• _Required work_: With the pictures left out, retype exactly the lines below starting at the line that contains "May include: A" and ending at the line that contains "pexels-photo-6694164-6694164 Overhead view".

• _Records supplied_:
- - -

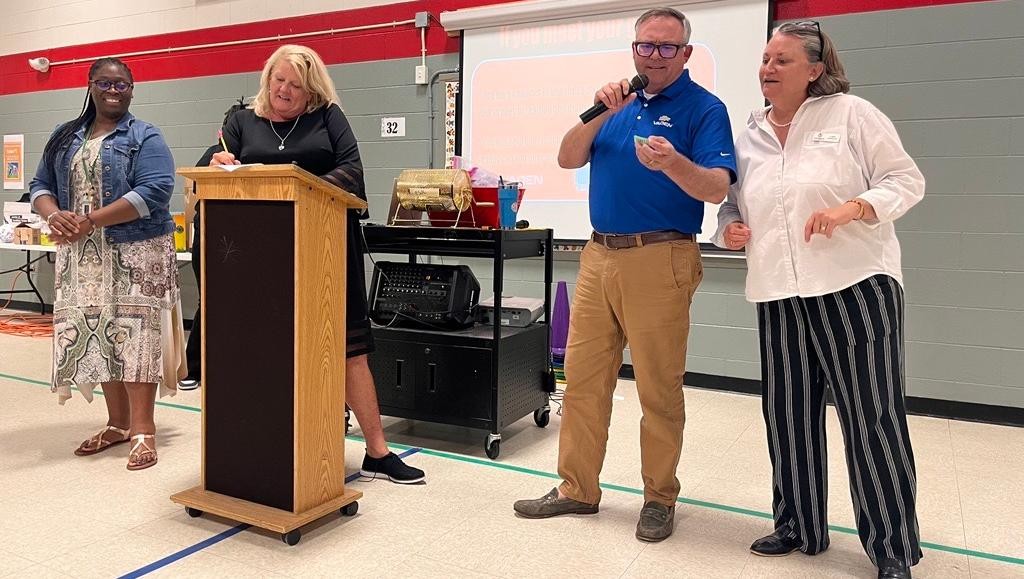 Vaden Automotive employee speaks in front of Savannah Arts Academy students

- - -

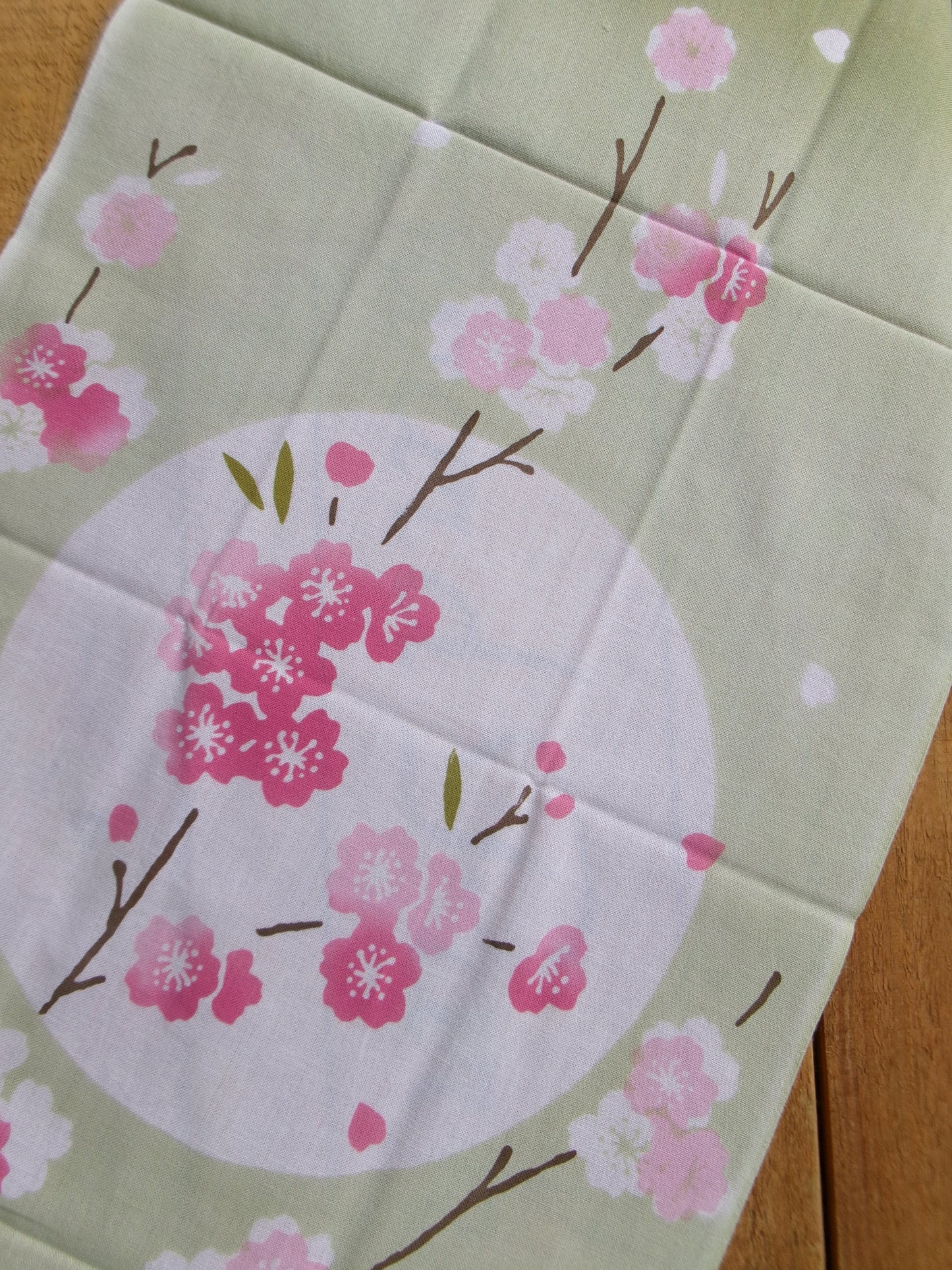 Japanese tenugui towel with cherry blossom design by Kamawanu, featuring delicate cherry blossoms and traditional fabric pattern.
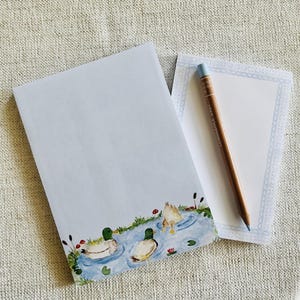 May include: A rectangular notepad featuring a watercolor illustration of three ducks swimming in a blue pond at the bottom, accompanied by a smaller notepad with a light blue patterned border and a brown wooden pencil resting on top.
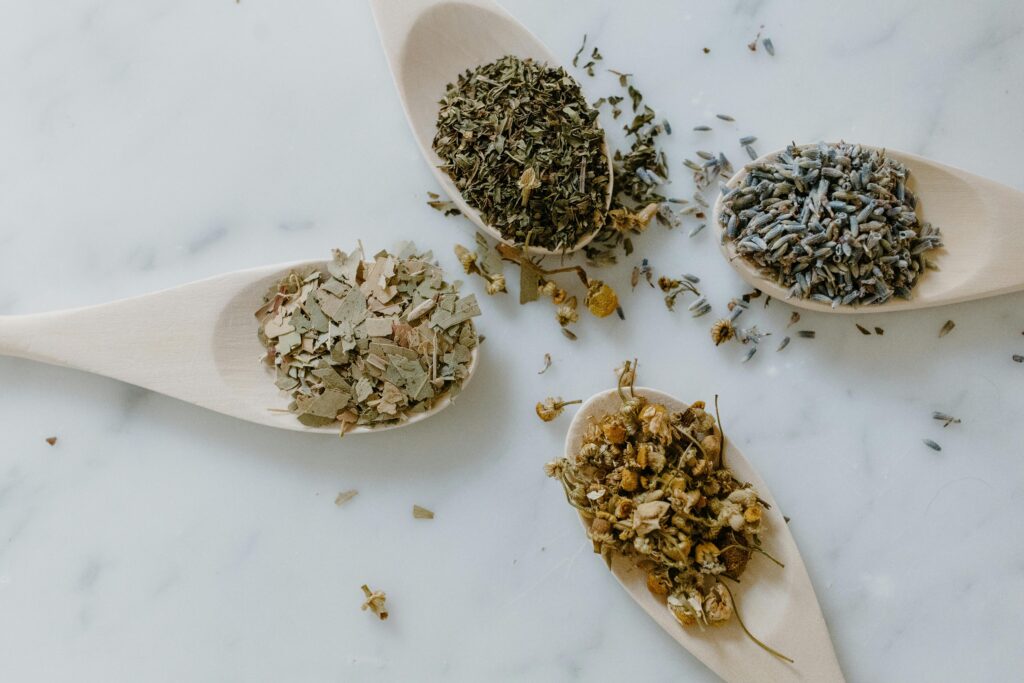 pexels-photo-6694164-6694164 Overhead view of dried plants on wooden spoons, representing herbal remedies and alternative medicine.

- - -

• _Written response_:
 May include: A rectangular notepad featuring a watercolor illustration of three ducks swimming in a blue pond at the bottom, accompanied by a smaller notepad with a light blue patterned border and a brown wooden pencil resting on top.
 pexels-photo-6694164-6694164 Overhead view of dried plants on wooden spoons, representing herbal remedies and alternative medicine.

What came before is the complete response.